AVVERTENZA: Il presente articolo, a carattere meramente divulgativo, proporrà 3 (apparentemente) distinte discipline, avvicinandole “2 alla volta”, con lo scopo di invitare il lettore ad immergersi nelle realtà oggetto di indagine: dalla matematica alla grammatica, dalla grammatica alla filosofia e dalla filosofia alla matematica.
Siamo soliti pensare che matematica, grammatica e filosofia rappresentino come dei “poli” opposti e inconciliabili.
Ebbene, non è così.
MATEMATICA: Quando, al liceo, si studiano i “polinomi” ed i “prodotti notevoli”, il procedimento logico che sottende questi elementi, è il raggruppamento di quantità che possano essere comuni a più polinomi.
GRAMMATICA: È esattamente ciò che accade quando ci si imbatte in una versione di Latino: occorre rinvenire i “sintagmi”, ossia, “segmenti di proposizioni”. Concretamente, ciò significa che lo sguardo si muove verso termini che presentino la stessa terminazione, muovendo dal verbo (la parte del discorso per eccellenza), fino al soggetto e ad eventuali complementi.
MATEMATICA E GRAMMATICA: Nella misura in cui i sintagmi sono porzioni di frasi, comuni -o meno- ad altri elementi della proposizione, è lecito asserire che il procedimento di scomporre i polinomi nei monomi costitutivi sia, se non il medesimo, molto simile.
GRAMMATICA E FILOSOFIA: In filosofia, una situazione analoga è rinvenibile nell’opera del presocratico Democrito, il primo ad aver teorizzato la possibile esistenza degli atomi. Tale parola significa “indivisibile”; ossia, “che non può essere scisso, oltre il limite che la natura impone”. Ma, se l’atomo presenta tali caratteristiche, si producono 2 effetti distinti. Primo: in grammatica, un sintagma può essere scomposto nelle rispettive parti (costitutive), fino a giungere ad una delle 9 parti del discorso, ossia il “termine ultimo”, oltre il quale un sintagma non può essere decomposto.

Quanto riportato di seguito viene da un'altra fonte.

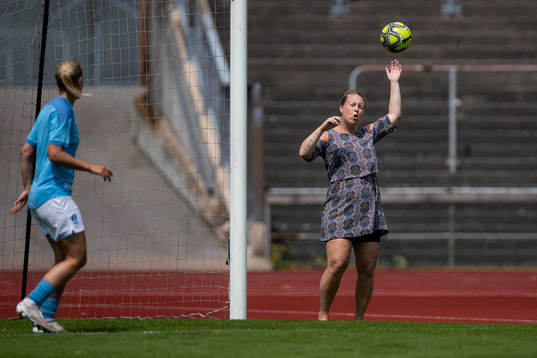 Malmö FFs Caroline Williamsdotter vid sidan av planen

FILOSOFIA E MATEMATICA: Secondo: un senso di irrisolutezza avviene -sempre, nella matematica- attraverso varie equazioni (ciò che stiamo per sviluppare, dal punto di vista argomentativo). Un altro esempio è dato dalle “discussioni” delle equazioni, di cui si distinguono 3 casi. Quello che a noi interessa, è l’indeterminatezza. Quando, al termine di un’equazione, si perviene alla conclusione per cui “x=x”, le 2 x si elidono, in quanto termini identici, che si collocano alla sinistra e alla destra dell’“uguale”.
Pertanto, segue il risultato “0=0” che, sul piano matematico, è un’“identità”: la perfetta corrispondenza tra 2 termini.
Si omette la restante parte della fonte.